WORLD 'Anglo-Saxons' hindered vaccine exports: Macron


'Anglo-Saxons' hindered vaccine exports: Macron

21:15, May 09, 2021

French President Emmanuel Macron attends a press conference at the end of an Informal Meeting of EU Heads of State and Government held at Palacio de Cristal in Porto, Portugal on May 8, 2021. [Photo/Agencies]

French president Emmanuel Macron expressed his reservations about the White House proposal to waive the intellectual property rights for COVID-19 vaccines, and he also criticized the lack of exports coming from the US and UK, The Guardian and Financial Times reported Saturday.

"The Anglo-Saxons block many of these ingredients and vaccines..." he said, after arriving at an EU summit in Portugal. "Today, 100 percent of the vaccines produced in the United States are for the American market."

Macron stated the controversy over property rights sparked by the US was a sideshow in comparison with current obstacles to the export of vaccines and the voluntary plans to share doses with poorer international countries, according to Financial Times.

"What is the current issue?" he asked. "It is not really about intellectual property. Can you give intellectual property to laboratories that do not know how to produce and will not produce tomorrow? The main issue for solidarity is the distribution of doses."

The Guardian said neither the UK or the US has a formal export ban, but Washington has deployed the Defense Production Act to force manufacturers to fulfil domestic contracts ahead of other orders, while the British government's contract with AstraZeneca also prioritizes UK requirements.

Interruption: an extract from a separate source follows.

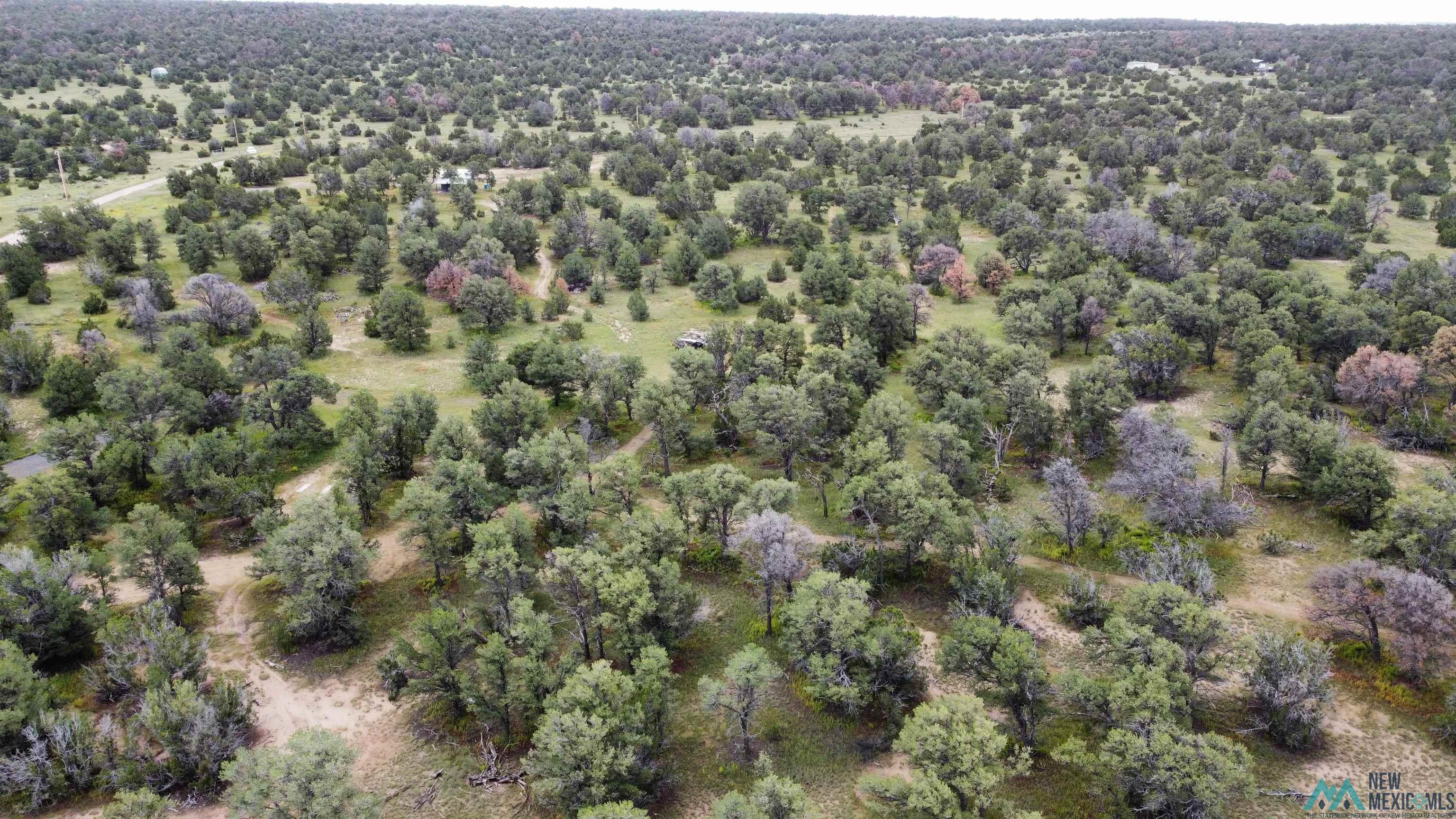 63 Indian Road, Fence Lake, Texas image 9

A waiver on vaccine patents would allow pharmaceutical companies to make copycat vaccines without fear of legal action by manufacturers, such as Pfizer and AstraZeneca.

European Commission President Ursula von der Leyen said in the short and medium term the IP waiver will not solve the problem.

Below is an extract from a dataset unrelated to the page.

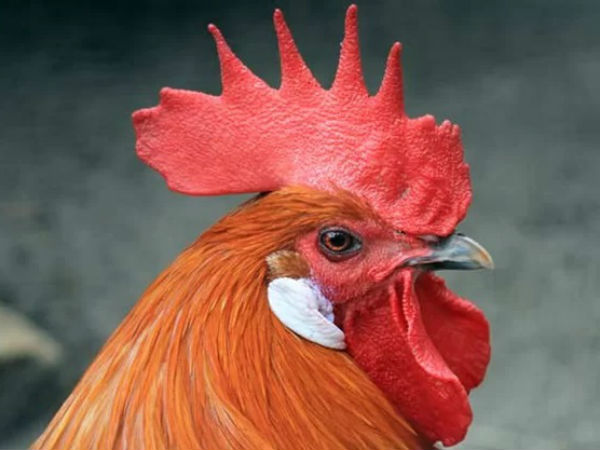 A Maharasatra lady gives complaint against Rooster A Maharasatra lady gives complaint against Rooster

"We invite all those who engage in the debate of waivers of IP rights also to join us to commit to export a large share of vaccines being produced in that region," she added.

The German chancellor, Angela Merkel, had already rejected the US idea, warning that "production capacities and high-quality standards, not the patents" is the problem facing the world and that a "waiver" would have "serious implications", The Guardian reported.

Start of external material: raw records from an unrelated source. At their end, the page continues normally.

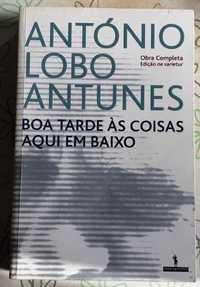 Boa Tarde às Coisas Aqui em Baixo - António Lobo Antunes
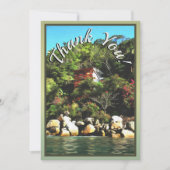 Casa Bahia Bonita Merci 0759 (Devant)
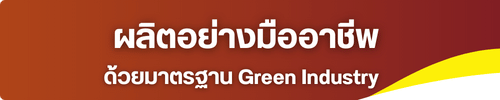 ผลิตอย่างมืออาชีพ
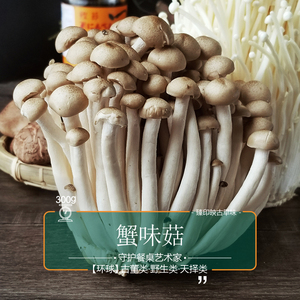 臻印映新鲜蟹味菇海味菇胜似野生超越有机天生天养鲜甜香口感佳.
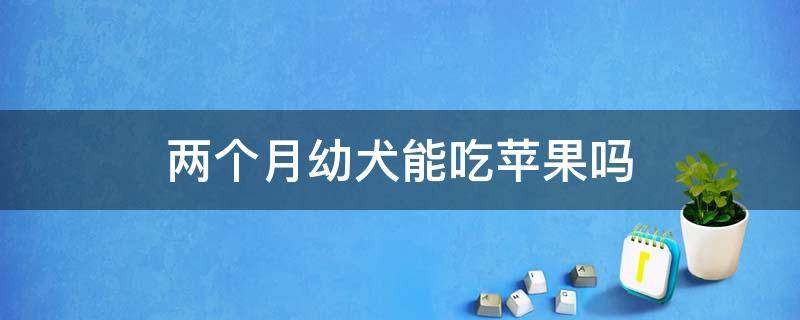 兩個(gè)月幼犬能吃蘋果嗎 兩個(gè)半月的幼犬可以吃蘋果嗎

"The protection of intellectual property is a source of innovation and it must remain so in the future," she had said on Thursday.

Given that EU-based manufacturers have exported 200 million of doses while the White House has put a block on vaccines leaving its shores, there is growing frustration in Europe that the US is seeking to take the high ground.

In the meantime, China has already shipped out about 240 million doses, more than all other nations combined, and has committed to providing another 500 million, according to Airfinity, a science information and analytics company, Bloomberg reported.